- Cover of vol. 1 of the Japanese version, released on August 9, 2018

コスメティック・プレイラバー (Kosumetikku Pureirabā)
- Genre: Romance, boys' love
- Written by: Sachi Narashima
- Published by: Libre
- English publisher: NA: Animate International;
- Imprint: BBC Deluxe
- Magazine: Magazine Be × Boy
- Original run: December 7, 2017 – November 7, 2025
- Volumes: 10
- Directed by: Takehiro Shindō
- Written by: Hiroko Kanasugi [ja]
- Music by: Kōji Endō [ja]
- Studio: NBCUniversal Entertainment Japan
- Licensed by: GagaOOLala
- Original network: Fuji TV; Fuji TV On Demand;
- Original run: August 6, 2024 – March 20, 2026
- Episodes: 18

= Cosmetic Playlover =

Japanese manga series

Cosmetic Playlover (コスメティック・プレイラバー, Kosumetikku Pureirabā) is a Japanese manga series by Sachi Narashima. It is serialized in the monthly boys' love manga magazine Magazine Be × Boy from December 7, 2017, to November 7, 2025. In addition, two spin-offs, Bitterness Playlover and Twilight Playlover, were also serialized in Magazine Be × Boy.

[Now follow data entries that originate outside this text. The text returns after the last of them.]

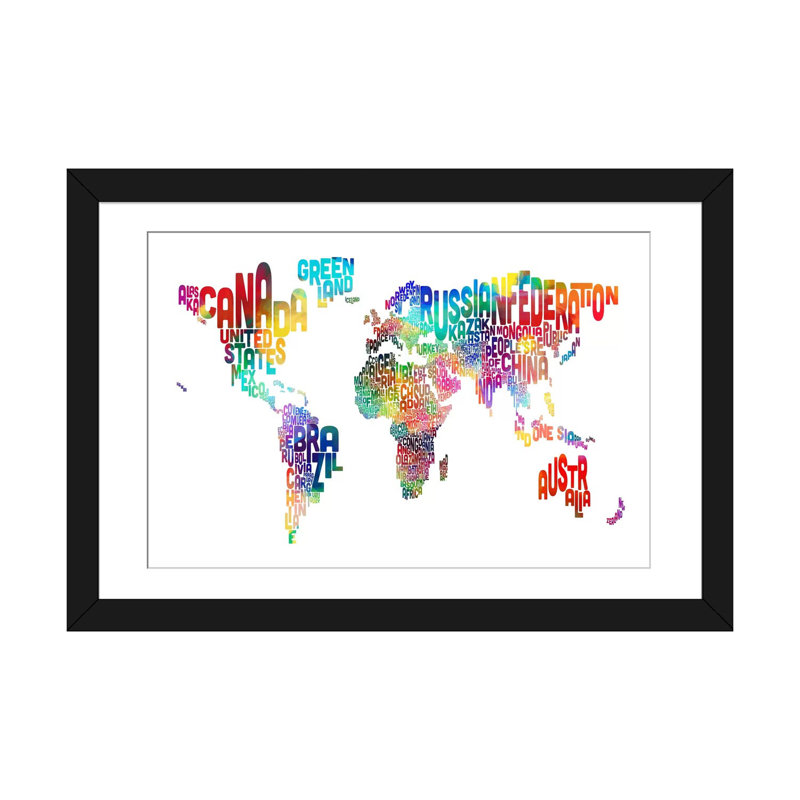 Carte typographique du monde par Michael Tompsett - Impression sur toile tendue sur châssis, H 16 po x l 24 po x P 1 po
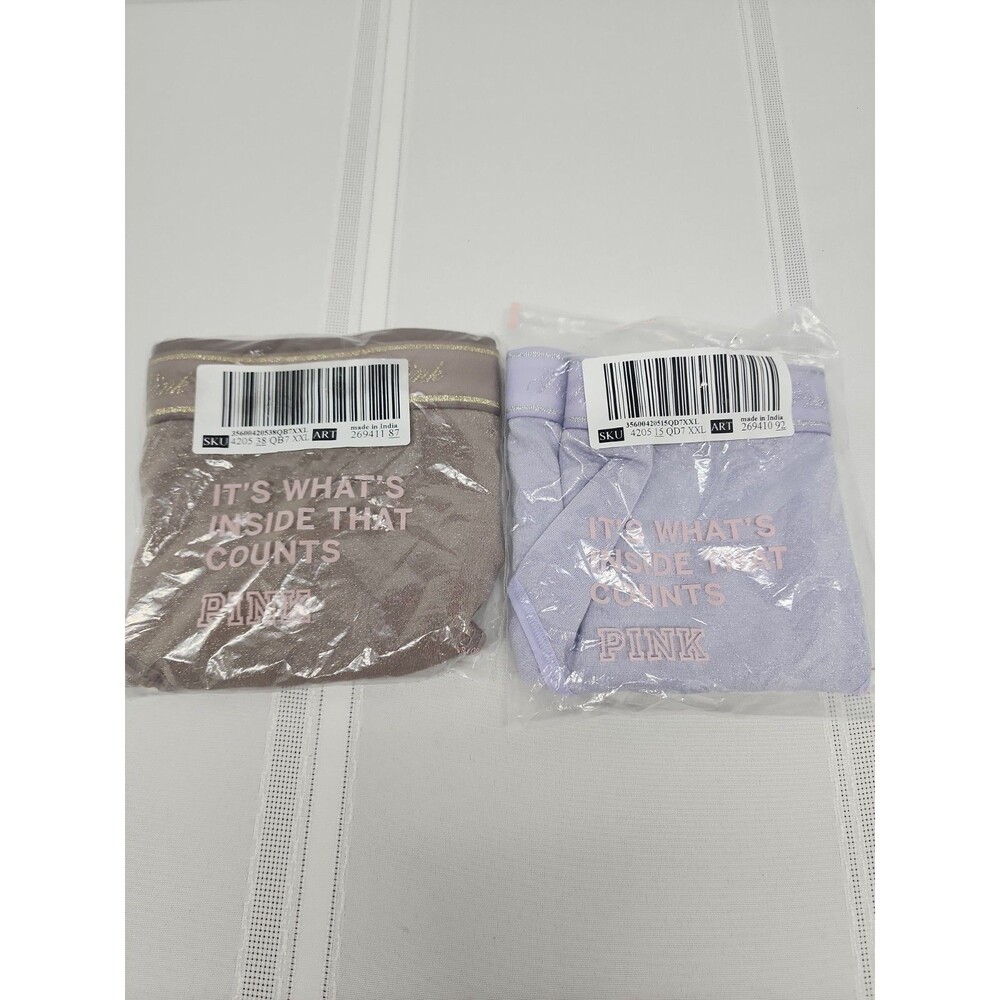 PINK Logo Band Hiphhuggers 2 Pair Metallic Lilac~ Taupe Size XXL New In Package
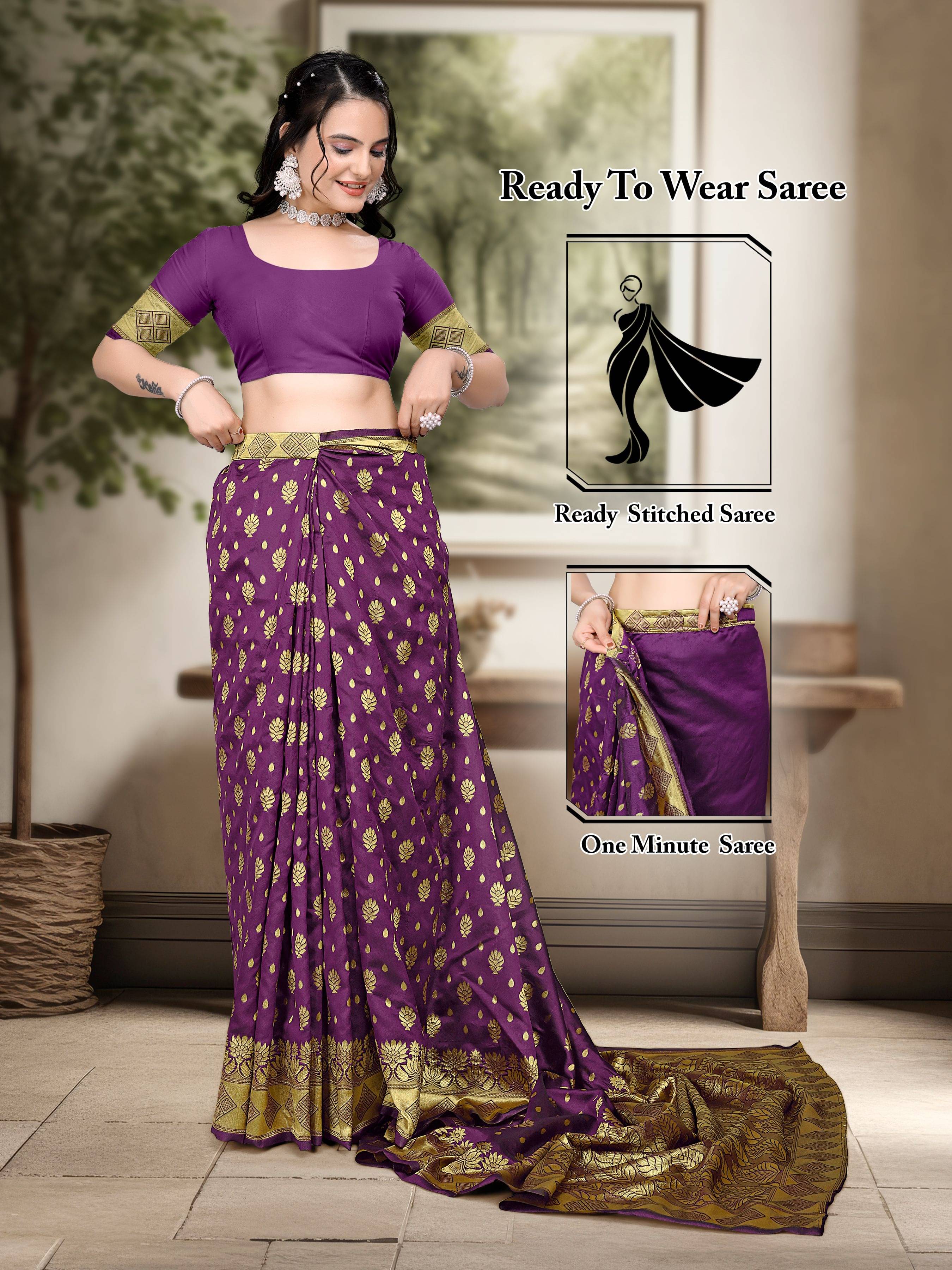 Pionex Jacquard Woven Banarasi saree With Unstitched Blouse Piece ( Purple ) Pionex Jacquard Woven Banarasi saree With Unstitched Blouse Piece ( Purple )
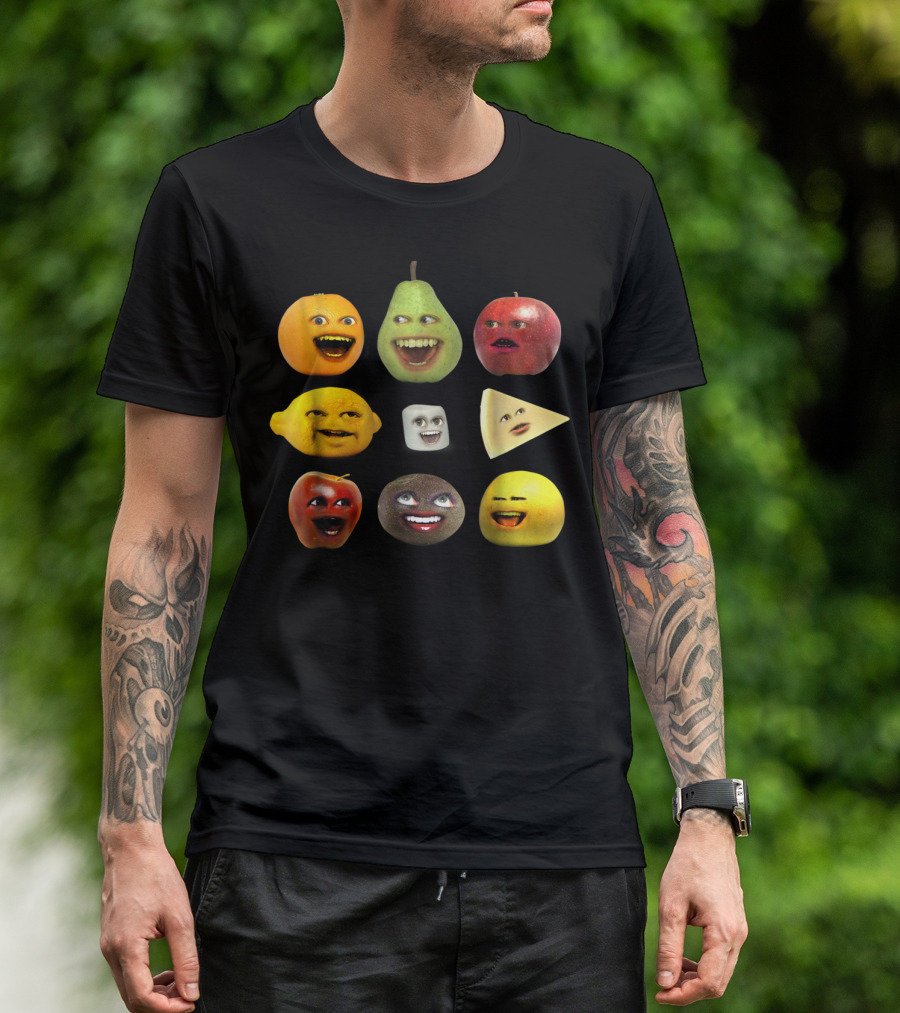Annoying Orange Pear Apple Lemon Marshmallow Cheese Kiwi Cast Of Characters T-Shirt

A live-action television drama adaptation premiered on Fuji TV on August 6, 2024, and ran for 8 episodes. A second season ran from January 16, 2026, to March 20, 2026, for 10 episodes.

==Plot==

Natsume Mamiya and Touma Sahashi work as department store beauty consultants for the cosmetics brand Romy Feerique, where they are known as the "two princes". However, Natsume is constantly annoyed with Touma for not taking his job seriously despite his potential. One day, Touma discovers that Natsume is gay and decides to use his secret to get closer to him. After the two begin dating, they navigate through a myriad of obstacles in their relationship, such as rivals, misunderstandings, and their long-distance relationship once Touma begins working as a make-up artist for Romy Feerique's French headquarters.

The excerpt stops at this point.